■ **The problem**
The lines below, from the one holding "Glassy Blossom Catchers" through the final line, are to be copied exactly, with no other lines and no pictures.

■ **Dataset extract**
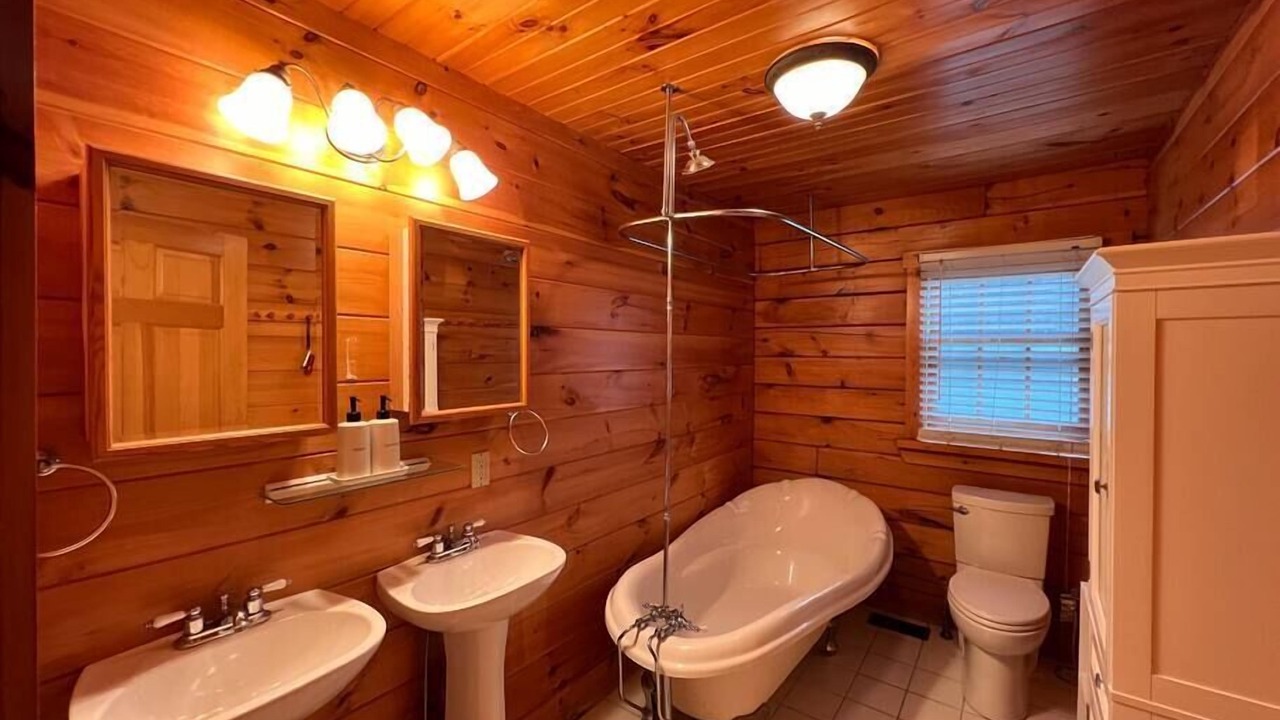 Photo of Bathroom in Kresgeville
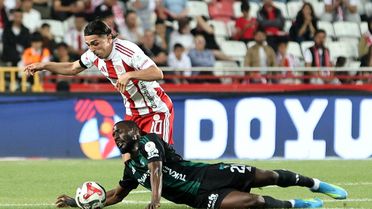 Antalyaspor-Kocaelispor: İlk yarı golsüz
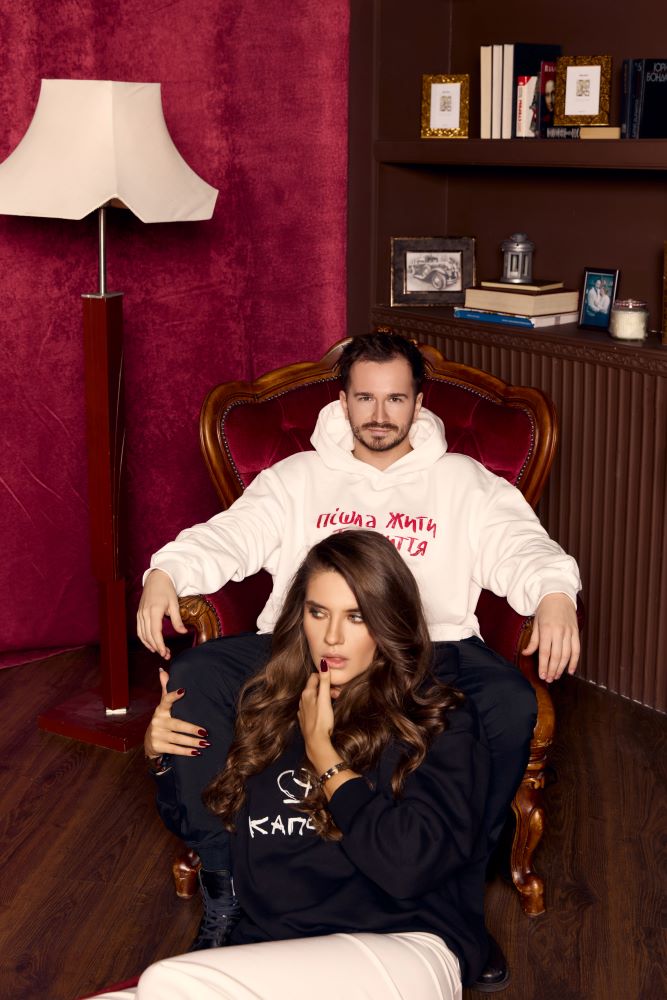 Співачка LADA та відомий блогер, ведучий проектів на «Новому каналі»  Андрій Черепущак (Галицька Діва) презентують спільний трек “Армагедець” 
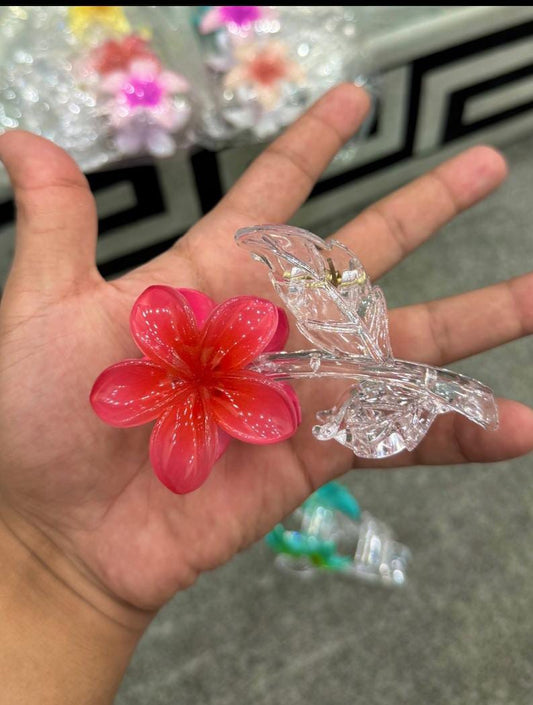 Glassy Blossom Catchers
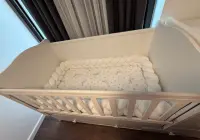 Bebek Beşiği ( Yatağı ve kenar koruyucusuyka verilecektir.) 1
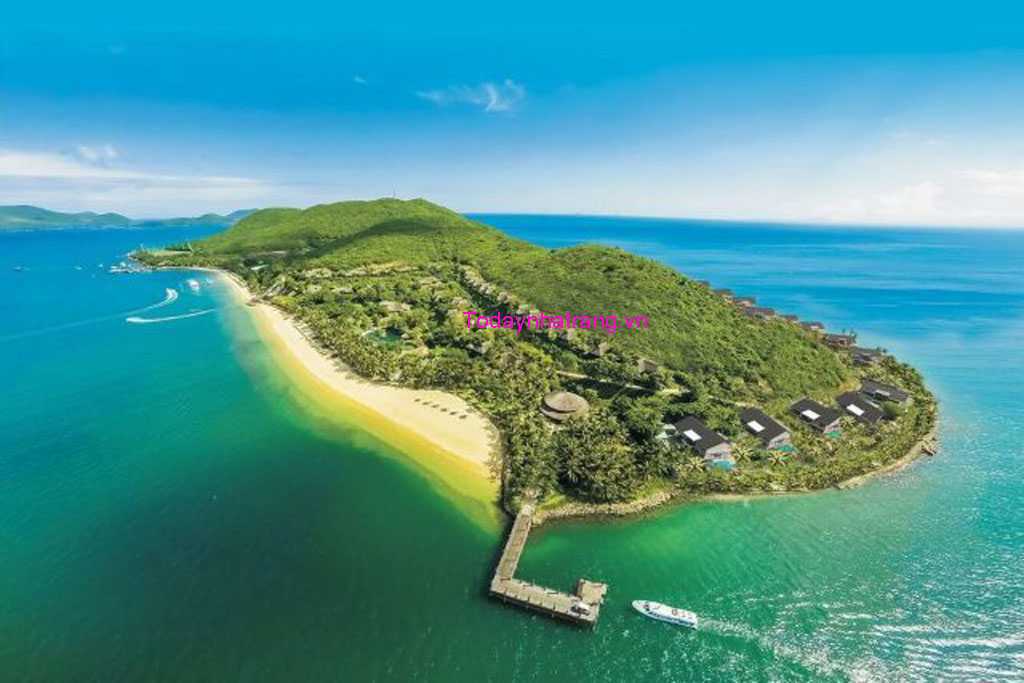 Khu nghỉ dưỡng sang trọng bên bờ biển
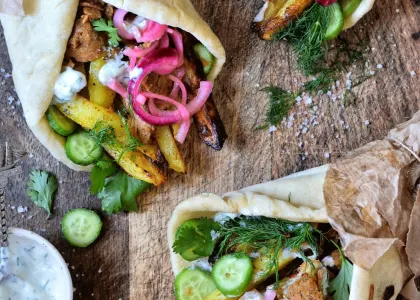Gyros (kebab) végan et sa sauce blanche
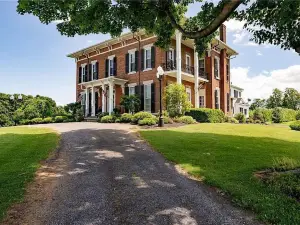 The Inn at Burnap's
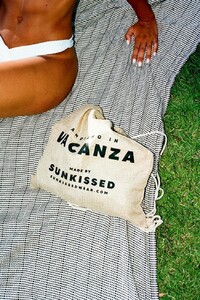 evm-lookbook-SUNKISSED-VACANZA-77.thumb.jpg.a4f9c5c1b2ee7274ecfa65610c30945b.jpg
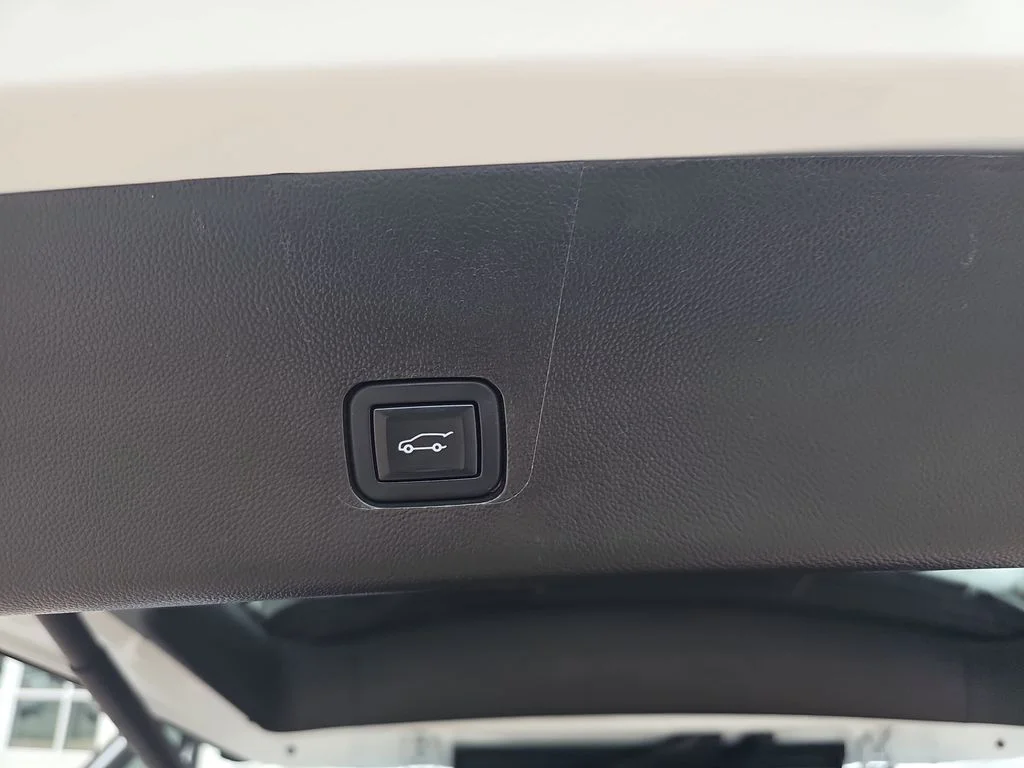 Used 2022 White Chevrolet LT image 14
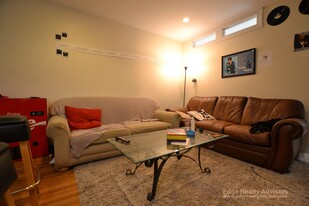 25 Copley St, Unit 2 in Brookline, MA - Building Photo - Building Photo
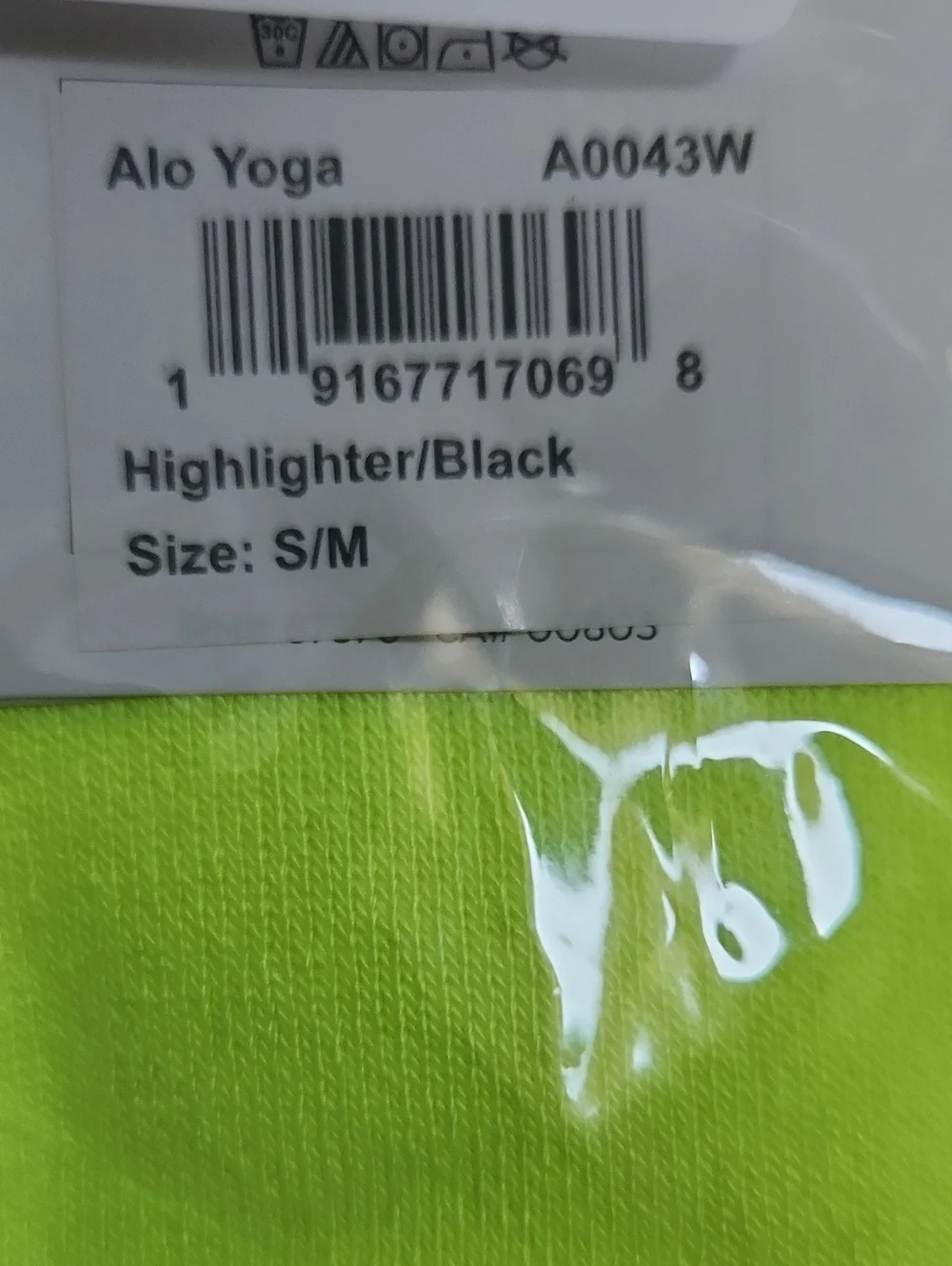 ALO Yoga Men’s Throwback Sock - Highlighter Yellow OR White with Black  Logo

■ **Your solution**
 Glassy Blossom Catchers
 Bebek Beşiği ( Yatağı ve kenar koruyucusuyka verilecektir.) 1
 Khu nghỉ dưỡng sang trọng bên bờ biển
Gyros (kebab) végan et sa sauce blanche
 The Inn at Burnap's
 evm-lookbook-SUNKISSED-VACANZA-77.thumb.jpg.a4f9c5c1b2ee7274ecfa65610c30945b.jpg
 Used 2022 White Chevrolet LT image 14
 25 Copley St, Unit 2 in Brookline, MA - Building Photo - Building Photo
 ALO Yoga Men’s Throwback Sock - Highlighter Yellow OR White with Black  Logo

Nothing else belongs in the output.